Emily Kame Kngwarreye’s traditional lands are governed by two Emu ancestors from the Altyerre (Dreaming). Two Emu brothers, one at Artangkere (a swampy area) and the other at Alhalkere, a soak and freshwater rock hole, are the guardians of the Anmatyerre law who punish transgressors.1 Among the Anmatyerre, the ancestral stories and related rituals of the Emu Beings is the domain of men, however women perform ceremonies and paint about the Emu ancestors in the quotidian sense.
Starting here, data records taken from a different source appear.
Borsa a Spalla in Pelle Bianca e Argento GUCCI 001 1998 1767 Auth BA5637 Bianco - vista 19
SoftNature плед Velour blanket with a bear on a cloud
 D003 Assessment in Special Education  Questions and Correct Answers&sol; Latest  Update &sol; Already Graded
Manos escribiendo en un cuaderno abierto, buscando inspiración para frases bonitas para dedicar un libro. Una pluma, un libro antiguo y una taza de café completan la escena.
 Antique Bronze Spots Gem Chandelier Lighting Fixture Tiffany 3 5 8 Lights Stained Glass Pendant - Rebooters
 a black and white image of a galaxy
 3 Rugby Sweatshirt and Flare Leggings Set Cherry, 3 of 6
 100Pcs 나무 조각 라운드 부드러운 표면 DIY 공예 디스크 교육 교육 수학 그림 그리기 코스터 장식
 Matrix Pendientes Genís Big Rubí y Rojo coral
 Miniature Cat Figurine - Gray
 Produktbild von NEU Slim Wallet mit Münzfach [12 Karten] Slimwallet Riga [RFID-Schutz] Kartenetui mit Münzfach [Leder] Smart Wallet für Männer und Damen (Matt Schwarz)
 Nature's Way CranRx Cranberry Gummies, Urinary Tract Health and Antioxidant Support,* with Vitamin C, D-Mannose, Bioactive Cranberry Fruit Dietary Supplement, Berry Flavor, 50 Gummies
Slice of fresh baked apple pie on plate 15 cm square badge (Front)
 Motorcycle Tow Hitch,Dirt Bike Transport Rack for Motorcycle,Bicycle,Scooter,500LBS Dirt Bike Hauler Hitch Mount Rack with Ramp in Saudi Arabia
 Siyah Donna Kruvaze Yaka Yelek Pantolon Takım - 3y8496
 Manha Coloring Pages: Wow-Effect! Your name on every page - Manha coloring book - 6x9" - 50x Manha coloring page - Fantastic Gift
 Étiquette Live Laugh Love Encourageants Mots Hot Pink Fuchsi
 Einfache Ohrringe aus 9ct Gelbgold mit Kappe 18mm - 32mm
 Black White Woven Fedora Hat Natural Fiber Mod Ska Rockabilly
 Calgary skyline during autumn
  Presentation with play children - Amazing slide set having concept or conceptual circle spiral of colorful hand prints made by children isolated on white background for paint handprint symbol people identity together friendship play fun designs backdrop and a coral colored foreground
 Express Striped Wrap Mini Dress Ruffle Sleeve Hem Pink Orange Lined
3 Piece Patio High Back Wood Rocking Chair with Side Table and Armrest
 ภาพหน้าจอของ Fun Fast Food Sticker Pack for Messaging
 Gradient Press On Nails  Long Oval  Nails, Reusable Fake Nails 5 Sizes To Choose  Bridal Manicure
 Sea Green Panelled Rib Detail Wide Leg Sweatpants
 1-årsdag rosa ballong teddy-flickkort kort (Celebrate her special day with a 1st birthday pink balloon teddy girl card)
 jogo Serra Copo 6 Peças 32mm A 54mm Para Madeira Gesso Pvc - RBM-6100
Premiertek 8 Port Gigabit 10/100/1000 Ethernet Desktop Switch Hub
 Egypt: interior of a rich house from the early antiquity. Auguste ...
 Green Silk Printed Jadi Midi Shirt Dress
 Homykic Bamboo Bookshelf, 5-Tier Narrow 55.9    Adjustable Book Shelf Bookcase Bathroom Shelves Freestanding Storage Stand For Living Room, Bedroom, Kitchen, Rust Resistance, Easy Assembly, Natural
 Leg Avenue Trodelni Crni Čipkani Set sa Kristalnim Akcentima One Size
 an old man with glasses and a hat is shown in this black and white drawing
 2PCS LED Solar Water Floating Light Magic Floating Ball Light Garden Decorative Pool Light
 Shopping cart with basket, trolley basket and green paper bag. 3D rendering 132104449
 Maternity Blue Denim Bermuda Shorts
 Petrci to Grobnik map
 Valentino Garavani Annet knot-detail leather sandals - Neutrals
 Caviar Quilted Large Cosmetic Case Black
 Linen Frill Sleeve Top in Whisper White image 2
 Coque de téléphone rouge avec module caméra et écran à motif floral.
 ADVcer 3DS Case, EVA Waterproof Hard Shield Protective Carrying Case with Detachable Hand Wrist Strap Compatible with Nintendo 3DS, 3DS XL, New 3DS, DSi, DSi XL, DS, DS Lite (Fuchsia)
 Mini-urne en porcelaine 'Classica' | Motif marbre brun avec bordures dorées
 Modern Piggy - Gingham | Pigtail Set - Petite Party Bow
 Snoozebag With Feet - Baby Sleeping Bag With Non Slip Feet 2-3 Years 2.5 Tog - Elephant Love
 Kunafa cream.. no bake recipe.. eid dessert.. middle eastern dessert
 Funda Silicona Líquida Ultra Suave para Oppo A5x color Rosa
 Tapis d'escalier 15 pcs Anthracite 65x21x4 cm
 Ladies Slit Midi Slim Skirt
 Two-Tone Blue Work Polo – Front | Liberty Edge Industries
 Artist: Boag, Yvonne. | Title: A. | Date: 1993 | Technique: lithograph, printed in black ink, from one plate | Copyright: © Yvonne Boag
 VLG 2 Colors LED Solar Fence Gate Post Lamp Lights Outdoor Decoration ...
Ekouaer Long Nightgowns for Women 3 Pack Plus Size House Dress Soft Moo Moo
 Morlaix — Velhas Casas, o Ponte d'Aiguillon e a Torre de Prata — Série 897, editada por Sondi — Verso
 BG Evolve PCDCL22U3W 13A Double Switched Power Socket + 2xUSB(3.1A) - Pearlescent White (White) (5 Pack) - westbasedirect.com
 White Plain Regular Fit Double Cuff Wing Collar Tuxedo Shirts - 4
One of the recurring themes in Kngwarreye’s art is the nurture of bush food on which emus thrive, such as the bush plum intekwe (Scaevola parvifolia), as part of the cycle of fertility in the land watered by seasonal rains. Ceremonies are performed in the late Australian spring to guarantee the profusion of intekwe and hence the abundance of emu that is one of the main sources of protein for desert peoples. Purchased from a gallery in Lyon, this painting was the first work by Emily Kngwarreye acquired by Stefano Spaccapietra, which inspired him to travel to Australia in search of the finest examples he could acquire over the subsequent years, either directly from the Holt family's Delmore Gallery or via Sotheby's at auction.

According to the documentation accompanying the painting, Fertile Desert refers to emus scuttling between their nests in search of the variety of plants, bush fruit, berries and seeds on which they thrive. The painting is comparable to a number of works on the same theme, including the earlier Emu Woman of 1988-89 in the Janet Holmes à Court Collection, Emu Story, 1989, in the collection of the National Gallery of Victoria and Emu All Over, 1990.2

WC

1 Janet Holt in Isaacs, 1998, p.7

2 Emu Woman of 1988-89 is illustrated in Boulter, M., The Art of Utopia: A New Direction in Contemporary Aboriginal Art, Craftsman House, Sydney, 1991, p.66, plate 11, and in Neale, M (ed), Emily Kame Kngwarreye. Paintings from Utopia, Queensland Art Gallery and Macmillan, Brisbane, 1998, p.16, catalogue number 7, plate 8. Emu Story, 1989, and Emu All Over, 1990, are illustrated in Isaacs, J. et al., Emily Kngwarreye Paintings, Craftsman House, Sydney, 1998, p.45, plate 2, and p.53, plate 10 respectively.